▶ **WORK INSTRUCTIONS**
Pictures do not belong in the copy; print every entry exactly as it stands.

Captioned web images
______
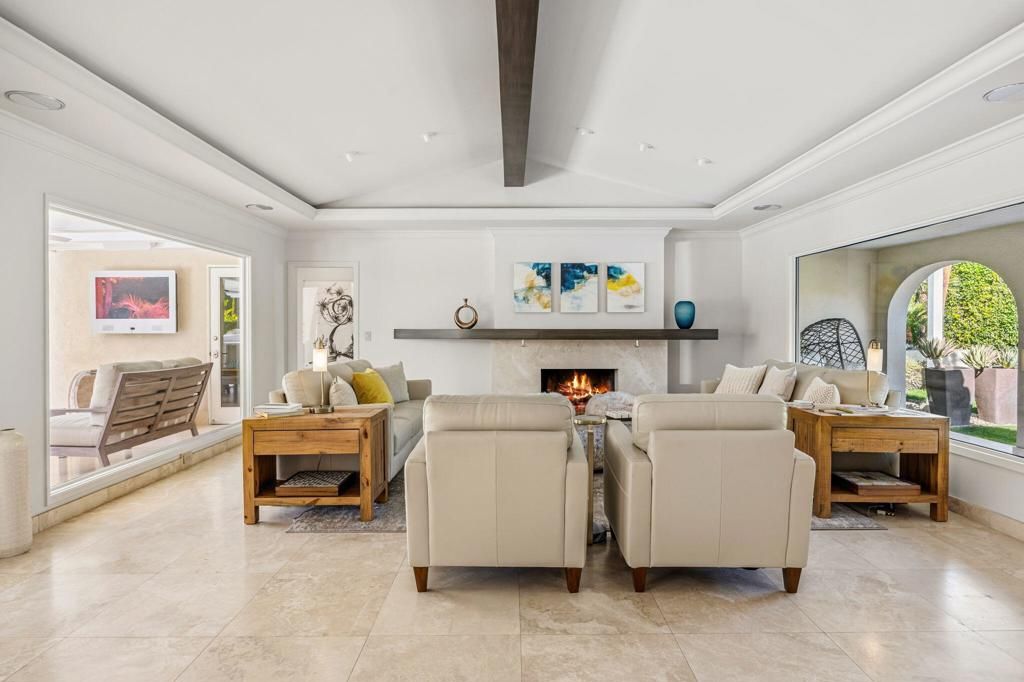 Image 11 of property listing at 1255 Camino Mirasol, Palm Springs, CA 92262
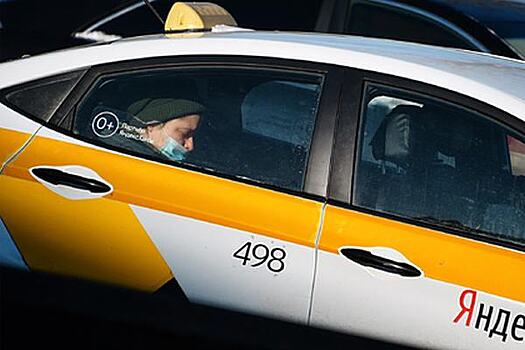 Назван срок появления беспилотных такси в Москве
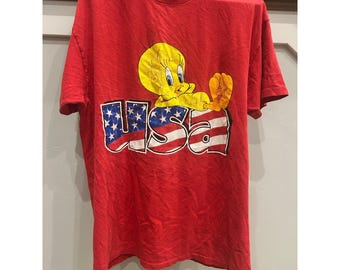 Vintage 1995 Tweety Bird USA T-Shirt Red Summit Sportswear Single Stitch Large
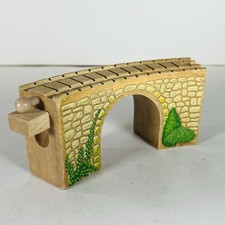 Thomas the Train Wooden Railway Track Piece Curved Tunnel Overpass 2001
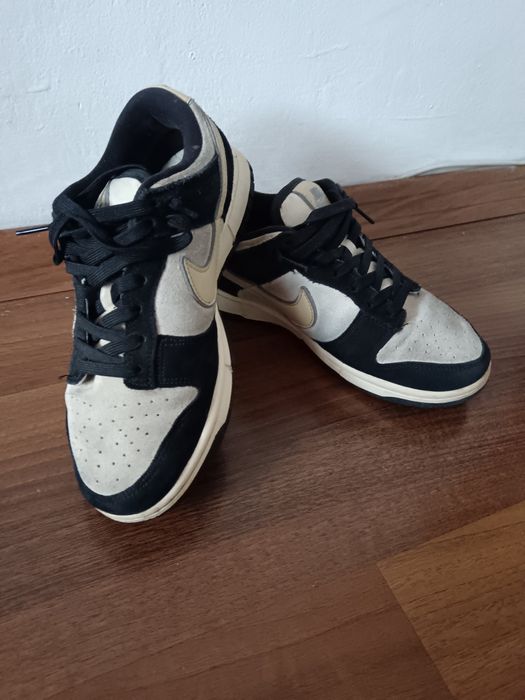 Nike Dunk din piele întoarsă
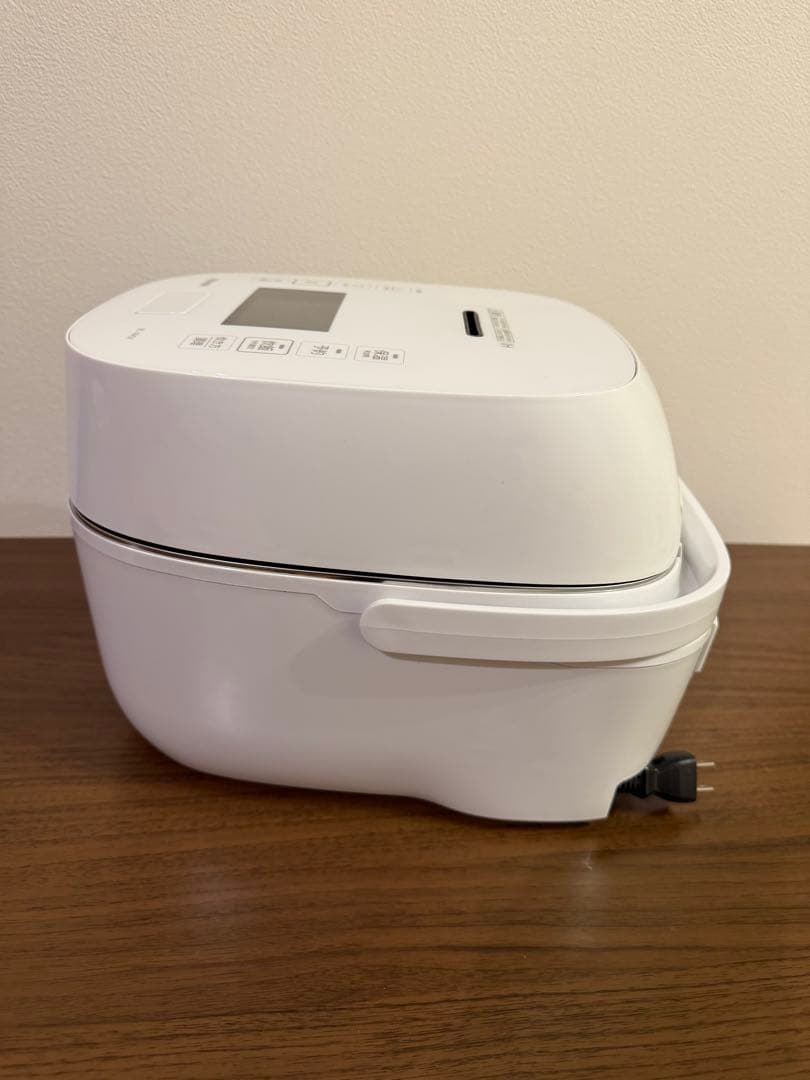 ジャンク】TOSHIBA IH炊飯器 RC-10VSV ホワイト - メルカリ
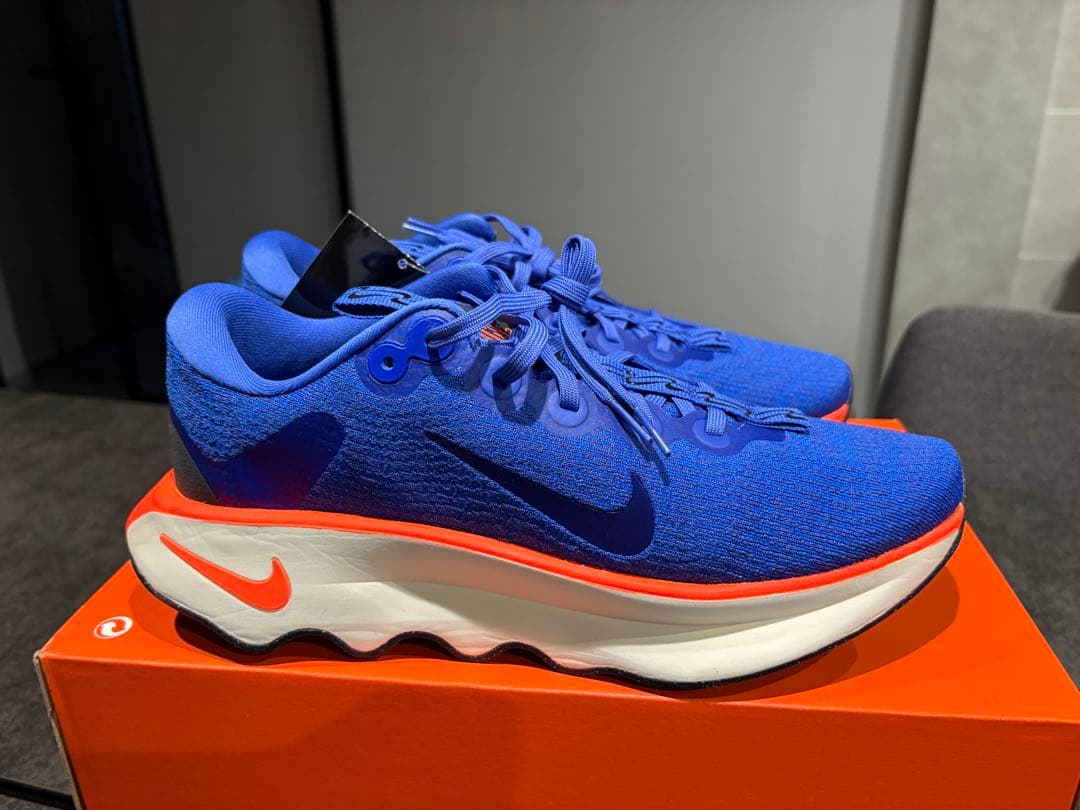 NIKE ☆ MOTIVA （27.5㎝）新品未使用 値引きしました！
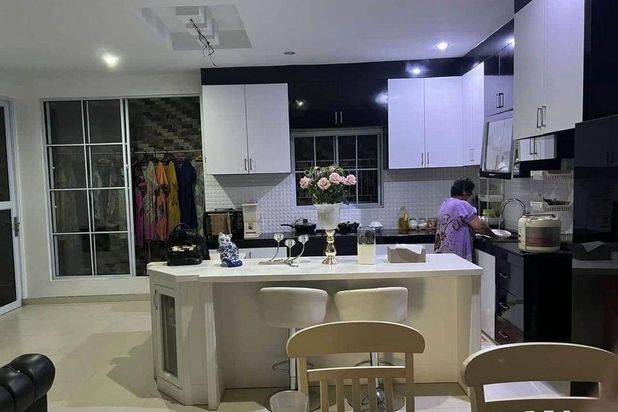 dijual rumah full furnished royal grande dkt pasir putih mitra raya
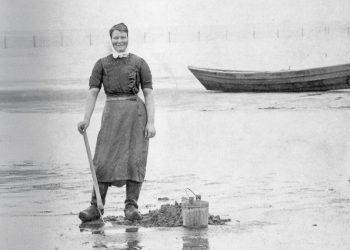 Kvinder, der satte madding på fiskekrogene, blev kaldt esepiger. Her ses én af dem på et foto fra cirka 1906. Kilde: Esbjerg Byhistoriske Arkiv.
______
▶ **RESPONSE FOR THIS EXERCISE**
 Image 11 of property listing at 1255 Camino Mirasol, Palm Springs, CA 92262
 Назван срок появления беспилотных такси в Москве
 Vintage 1995 Tweety Bird USA T-Shirt Red Summit Sportswear Single Stitch Large
 Thomas the Train Wooden Railway Track Piece Curved Tunnel Overpass 2001
 Nike Dunk din piele întoarsă
 ジャンク】TOSHIBA IH炊飯器 RC-10VSV ホワイト - メルカリ
 NIKE ☆ MOTIVA （27.5㎝）新品未使用 値引きしました！
 dijual rumah full furnished royal grande dkt pasir putih mitra raya
 Kvinder, der satte madding på fiskekrogene, blev kaldt esepiger. Her ses én af dem på et foto fra cirka 1906. Kilde: Esbjerg Byhistoriske Arkiv.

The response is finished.